__Directions__: Exactly reproduce the lines of the listing below from the one containing "i need a very" through the one containing "Ninja FN101CGY Crispi". Skip the images.

__Exercise input__:
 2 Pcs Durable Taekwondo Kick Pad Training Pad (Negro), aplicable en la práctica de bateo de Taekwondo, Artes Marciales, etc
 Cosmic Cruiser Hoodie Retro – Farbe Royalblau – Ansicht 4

---

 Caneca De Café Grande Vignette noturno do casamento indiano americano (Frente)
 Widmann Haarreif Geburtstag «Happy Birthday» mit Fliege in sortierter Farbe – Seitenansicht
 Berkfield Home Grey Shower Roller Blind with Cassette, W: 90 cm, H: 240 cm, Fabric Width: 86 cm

--

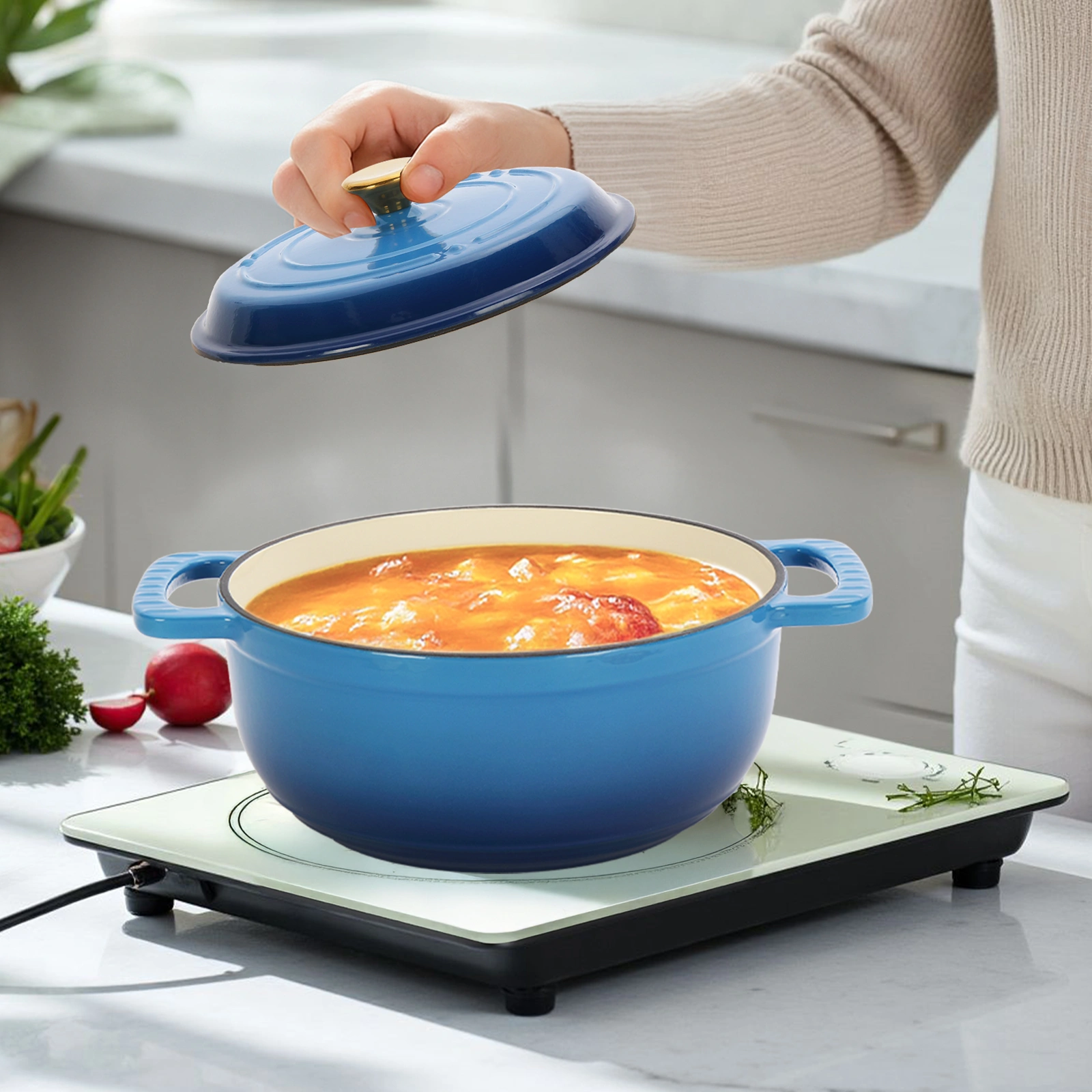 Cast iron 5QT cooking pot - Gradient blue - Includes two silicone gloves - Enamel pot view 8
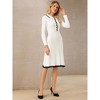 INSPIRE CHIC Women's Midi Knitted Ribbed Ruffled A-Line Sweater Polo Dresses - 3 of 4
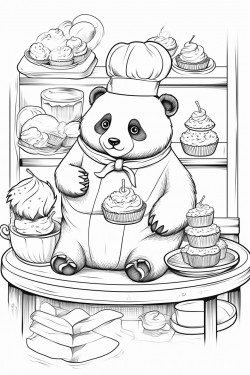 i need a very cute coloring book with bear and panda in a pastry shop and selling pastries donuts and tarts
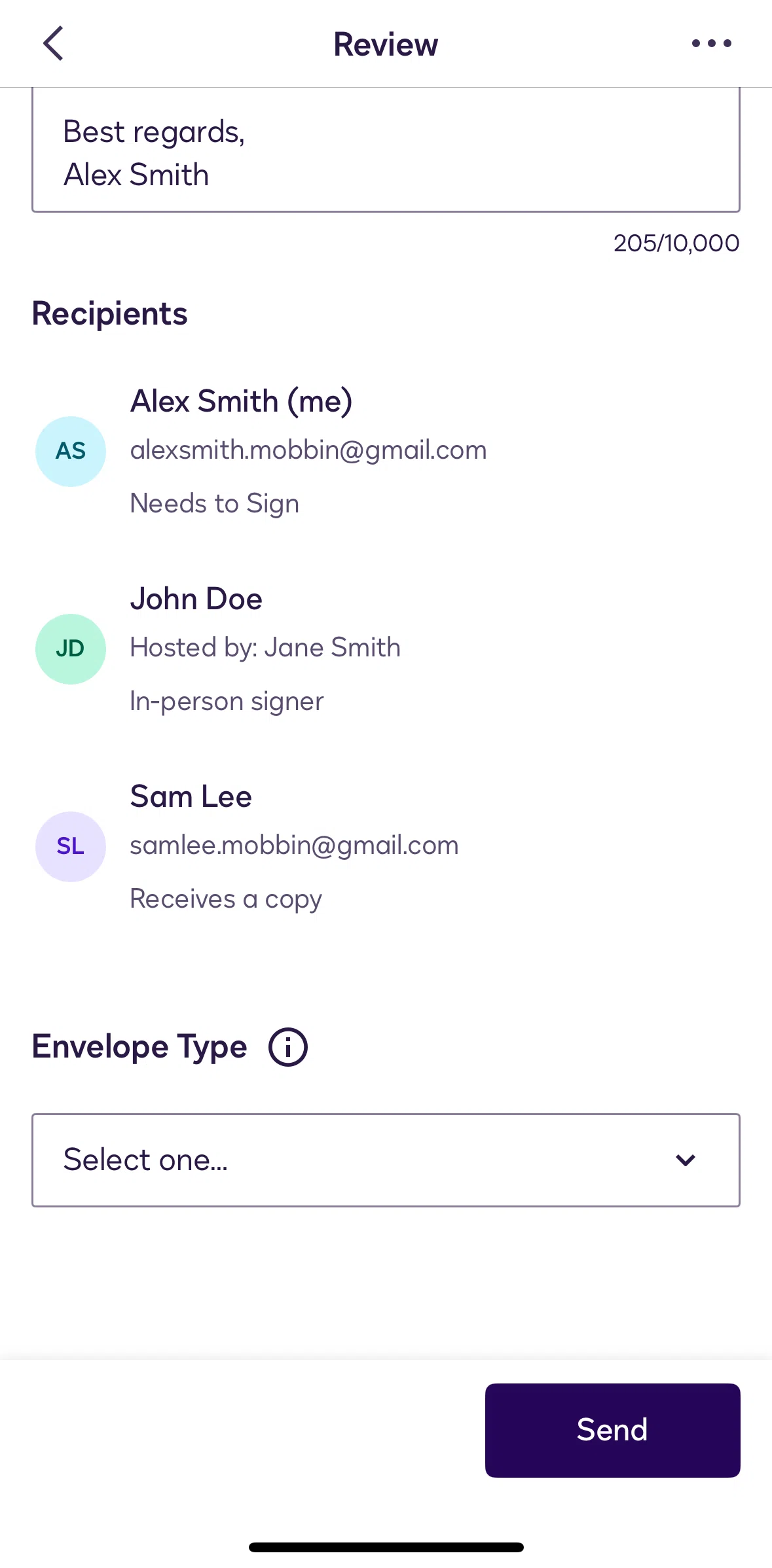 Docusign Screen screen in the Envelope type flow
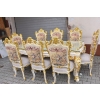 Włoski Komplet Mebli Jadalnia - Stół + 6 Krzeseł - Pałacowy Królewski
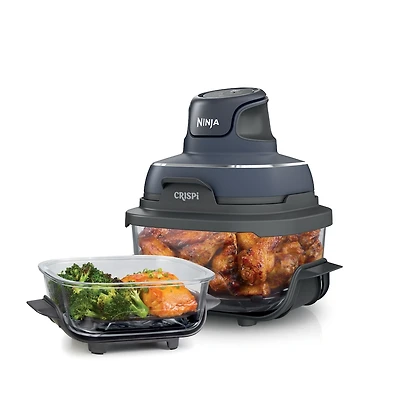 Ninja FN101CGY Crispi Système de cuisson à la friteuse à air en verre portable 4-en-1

__Task response__:
 i need a very cute coloring book with bear and panda in a pastry shop and selling pastries donuts and tarts
 Docusign Screen screen in the Envelope type flow
 Włoski Komplet Mebli Jadalnia - Stół + 6 Krzeseł - Pałacowy Królewski
 Ninja FN101CGY Crispi Système de cuisson à la friteuse à air en verre portable 4-en-1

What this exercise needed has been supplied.